→ Problem details
Please repeat the entries below exactly as written, leaving out any images.

→ Records
::::

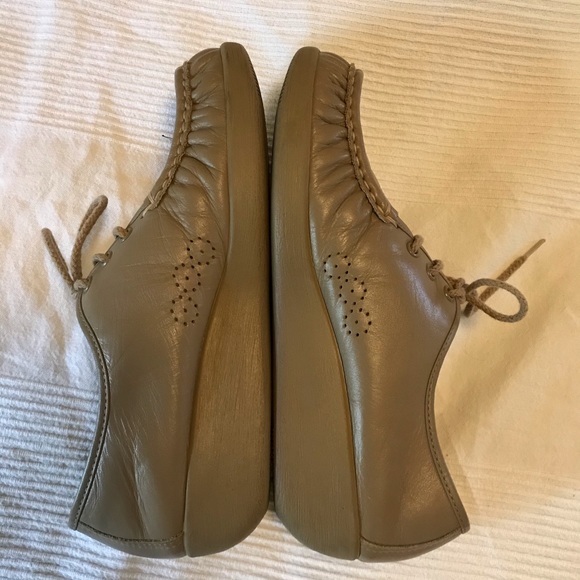 SAS Genuine Handsewn Beige Comfort Shoes 9.5 N - Picture 5 of 6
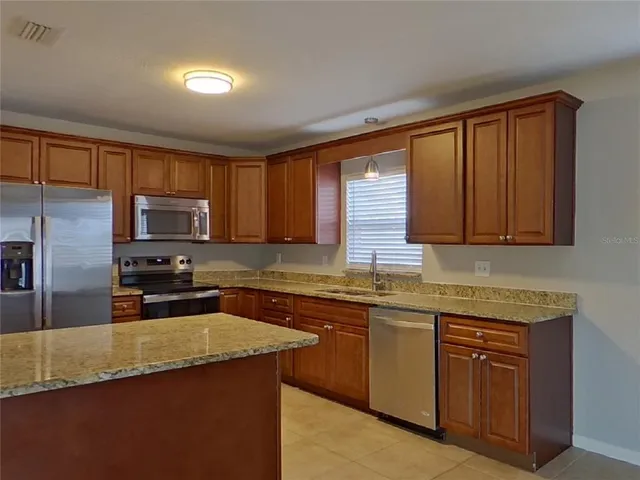 $2,589 | Undisclosed Address, Largo, FL 33771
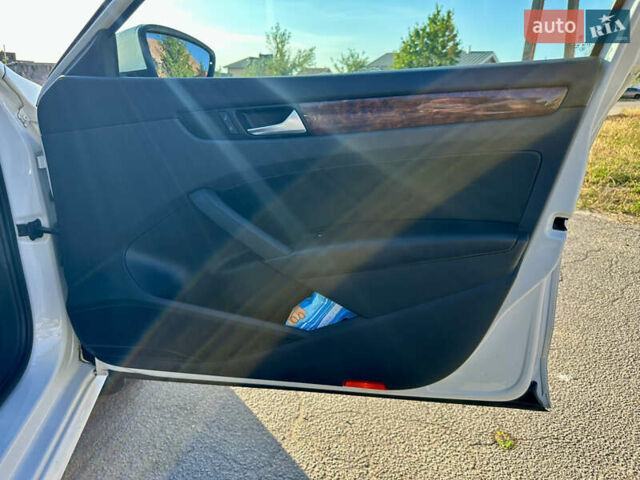 Белый Фольксваген Пассат, объемом двигателя 2 л и пробегом 144 тыс. км за 12500 $, фото 36 на Automoto.ua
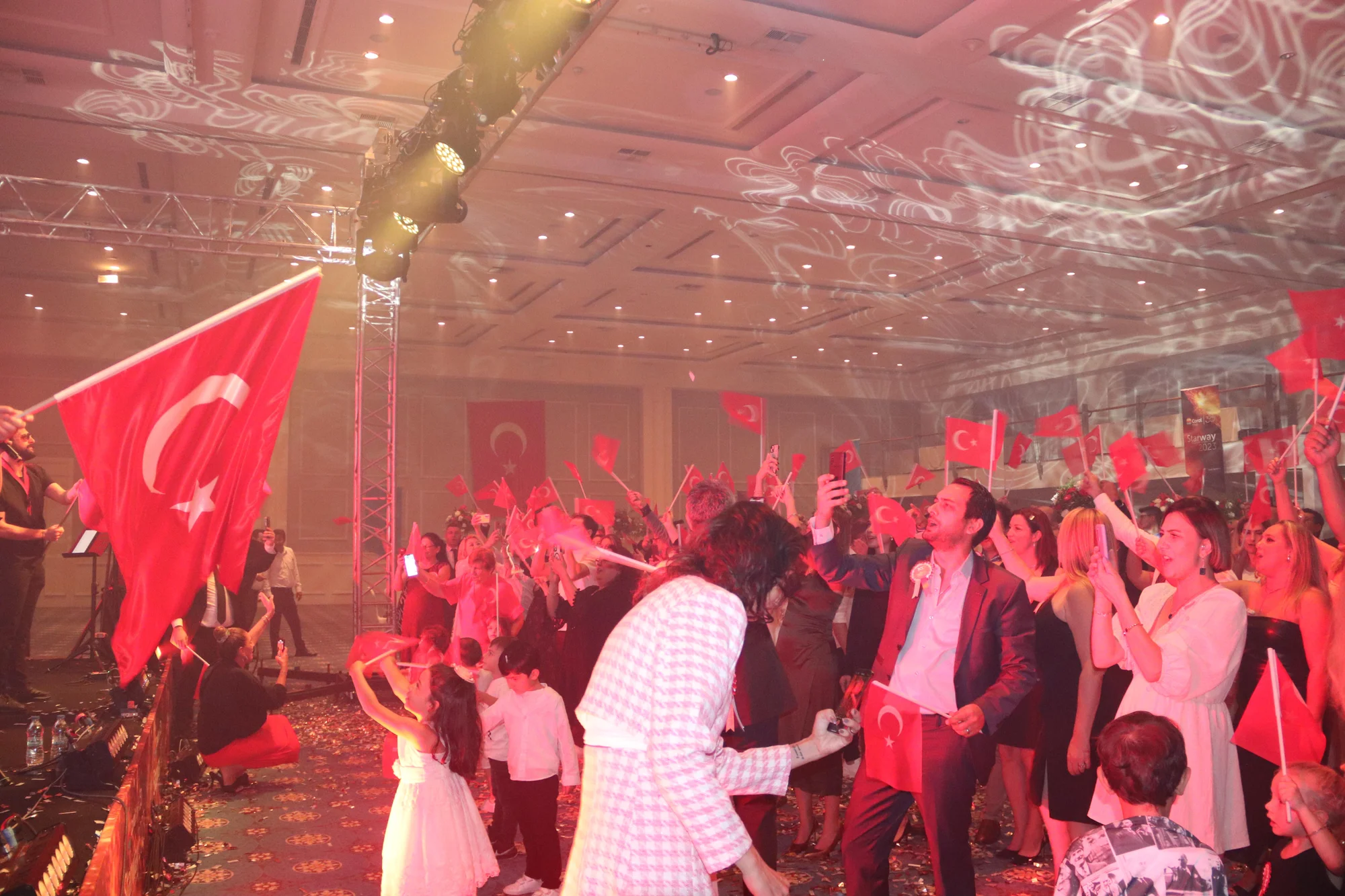 Coral Travel Türkiye, Starway Tourism Awards ile acenteleri ödüllendirdi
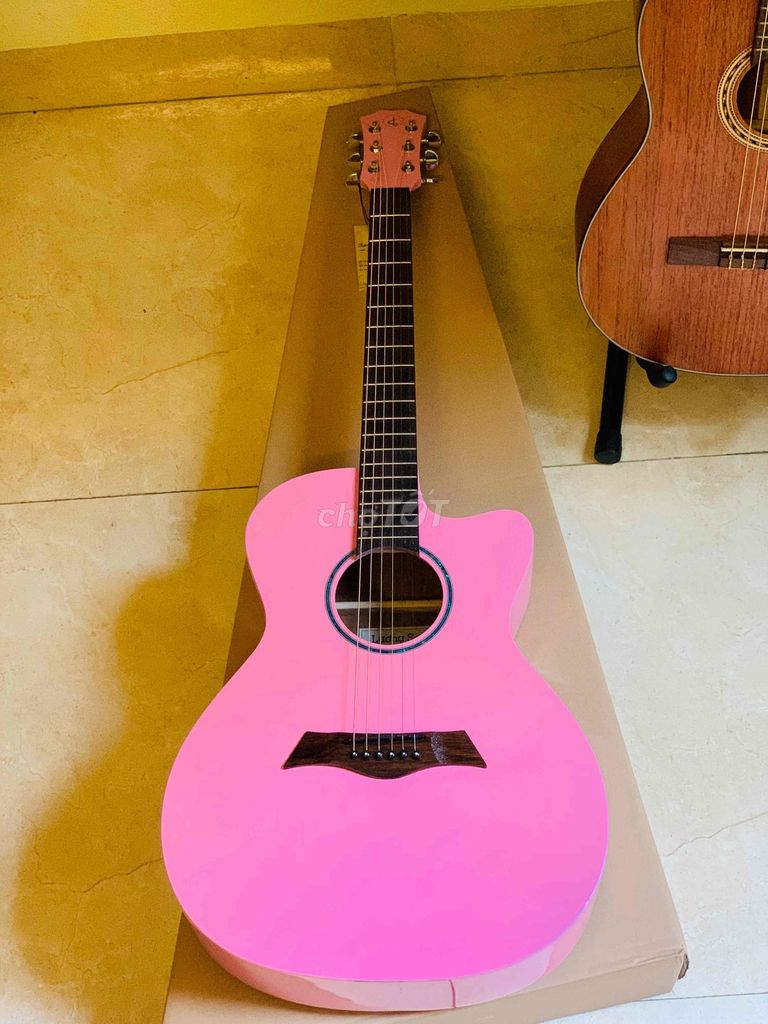 Thanh lý cây guitar LSA 180 giá gốc 2tr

::::

→ Problem solution
 SAS Genuine Handsewn Beige Comfort Shoes 9.5 N - Picture 5 of 6
 $2,589 | Undisclosed Address, Largo, FL 33771
 Белый Фольксваген Пассат, объемом двигателя 2 л и пробегом 144 тыс. км за 12500 $, фото 36 на Automoto.ua
 Coral Travel Türkiye, Starway Tourism Awards ile acenteleri ödüllendirdi
 Thanh lý cây guitar LSA 180 giá gốc 2tr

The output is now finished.